Download PDFDownload PDF


September 18 2004

Labor’s Coastguard Not Supported By The Experts

Tomorrow Labor will announce that their Coastguard will become the responsibility of the Australian Federal Police. This will be their fifth different Coastguard policy in three years.

Labor’s Coastguard would jeopardise Australia’s existing world-class border protection capabilities. Just listen to the experts.

The then Commissioner of the Australian Federal Police, Mick Palmer, told the Joint Committee on Public Accounts and Audit in January 2001 that:

“My unqualified experience in looking at arrangements in countries where there are coastguard type arrangements… that I would gain no comfort at all from those arrangements. Those arrangements have caused a division through the investigative focus and it has caused competition between the investigative agencies in a very counterproductive way.”

Defence experts have also expressed concerns about Labor’s proposal. Alexey Muraviev, a strategic affairs expert at Curtin University, has questioned the very logic of Labor’s coastguard:

“In the US, Russia and Japan, the coastguard comes under the command of the navy during times of conflict. They are effectively a naval reserve which means crew must be trained by the navy to navy standards. That means you’re effectively retaining them as navy boats anyway, so why set up another authority? It just doesn’t make sense”. (West Australian, 20/11/03).”

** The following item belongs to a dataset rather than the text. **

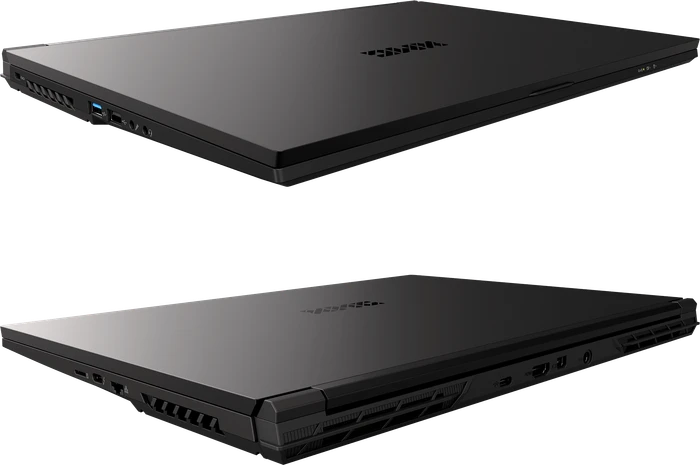 Schenker XMG Focus 16 M22jsf, Core i7-12700H, 16GB RAM, 500GB SSD, GeForce RTX 3060, DE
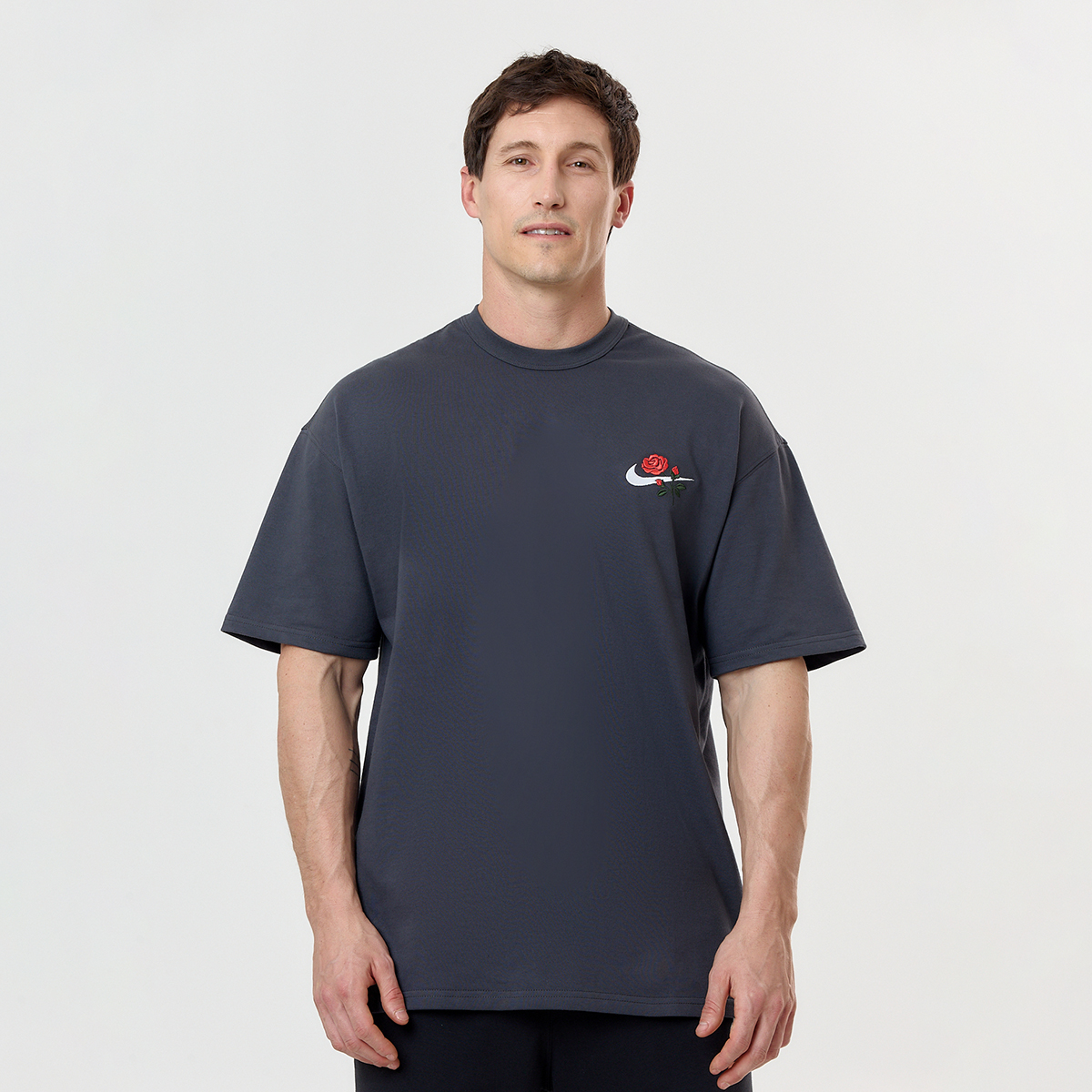 Remera Nike M90 Hombre,  image number null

Defence expert and managing director of independent think tank Future Directions International, Lee Cordner, has also said: “Labor’s Coastguard policy will only burden another agency, at greater cost and detract from the flexibility we now have” (West Australian, 18 December 2003). The fact of the matter is that under the Howard Government, Australia has a world-class coastal surveillance system in place that is working incredibly well.

The evidence is overwhelming. The Coalition’s policy has reduced illegal boat arrivals to virtually nil; it has been central in massively increasing drug hauls with more than 10 tonnes of illicit drugs taken off the streets; and it is catching boats that illegally fish in our waters.

The fundamental question Labor has to answer is why, for the sake of a cheap headline, is it planning to spend hundreds of millions of taxpayers’ dollars changing a system that is getting the results.

This week, the Coalition has further beefed up Australia’s offshore surveillance by announcing UAV trials and two new patrol boats to protect the North West Shelf.

Most importantly, a coastguard means absolutely nothing unless it is accompanied by a commitment to strong border protection policies. Labor’s policies send people smugglers and illegal arrivals the signal that if they make it to Australian waters they will be brought onshore, processed quickly and allowed into the community. That is why Labor’s coastguard is really only a coast guide.

It looks like just another attempt to force those Australians working in maritime surveillance roles into joining the Maritime Union of Australia.